The New York Knicks have reportedly inquired on guards Tim Hardaway Jr. and Courtney Lee, but with a potential hiccup to move either player.
Enes Kanter and Frank Ntilikina have been the most often reported names from the New York Knicks concerning the upcoming trade deadline. However, as the front office rebuilds this roster and tries to clear cap space, it has others on the chopping block.
Per Mike Vorkunov of The Athletic, teams have inquired on Tim Hardaway Jr. and Courtney Lee, both of whom have guaranteed contracts — eight figures — on the 2019-20 salary cap. Either move places the Knicks above the $38 million needed to sign Kevin Durant to a max contract.
However, the Knicks do not want to attach an asset in a trade, Vorkunov added, despite Lee and Hardaway’s future salaries and the clear-cut case of wanting to shed cap space.
No interested teams were listed in this report, unlike the Kanter and Ntilikina conversations. It would, of course, have to be a team that can assume salary and willingly send back an expiring contract.
The Sacramento Kings, who were interested in Kanter, makes sense. They still have $11 million in cap space and a handful of players on deals that end at season’s end, including Zach Randolph, Kosta Koufos and Iman Shumpert.
Moving one of them for Hardaway seems possible, as he’s still a leading contributor for the Knicks, although at an inefficient rate. For Lee, though, he’s outside the team’s rotation and has yet to prove productive play after suffering a neck injury in training camp which sidelined him for two months.
Salary-wise, Lee makes $12.25 million this season and $12.75 million in 2019-20; Hardaway will take home $17.35 million this year, $18.15 million in 2019-20 and owns a player option for $18.97 million in 2020-21. So even if they were playing better, their contracts are still difficult to move.
The Knicks showing their hand with previous roster moves does not help, as well.
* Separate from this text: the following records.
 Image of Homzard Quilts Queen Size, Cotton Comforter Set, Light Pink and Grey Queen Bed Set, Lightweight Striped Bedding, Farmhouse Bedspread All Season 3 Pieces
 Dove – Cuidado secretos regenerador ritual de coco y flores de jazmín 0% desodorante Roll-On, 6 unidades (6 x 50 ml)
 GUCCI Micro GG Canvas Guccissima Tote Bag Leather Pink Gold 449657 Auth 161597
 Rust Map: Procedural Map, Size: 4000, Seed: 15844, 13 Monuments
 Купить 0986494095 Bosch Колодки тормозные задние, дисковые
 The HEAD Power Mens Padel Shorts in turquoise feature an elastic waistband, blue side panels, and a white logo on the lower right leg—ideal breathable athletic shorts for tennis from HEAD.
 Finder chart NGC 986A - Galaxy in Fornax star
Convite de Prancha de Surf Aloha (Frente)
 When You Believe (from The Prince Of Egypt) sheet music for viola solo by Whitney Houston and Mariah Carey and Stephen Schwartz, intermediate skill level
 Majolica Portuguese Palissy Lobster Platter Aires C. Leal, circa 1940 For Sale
Joakim Noah was waived and stretched to create cap space in October and contracts given in 2018 free agency were one-year pacts.
Maybe a desperate team approaches the Knicks for who they think pushes them forward as a contender, but unless they attach an asset, hypothetically, trouble seems inevitable to trade Hardaway or Lee before Feb. 7 deadline.
The Knicks have an interesting road ahead to the final day of trades. They have players to move, but whether any of them head elsewhere, and what the organization receives in return, will be interesting to follow.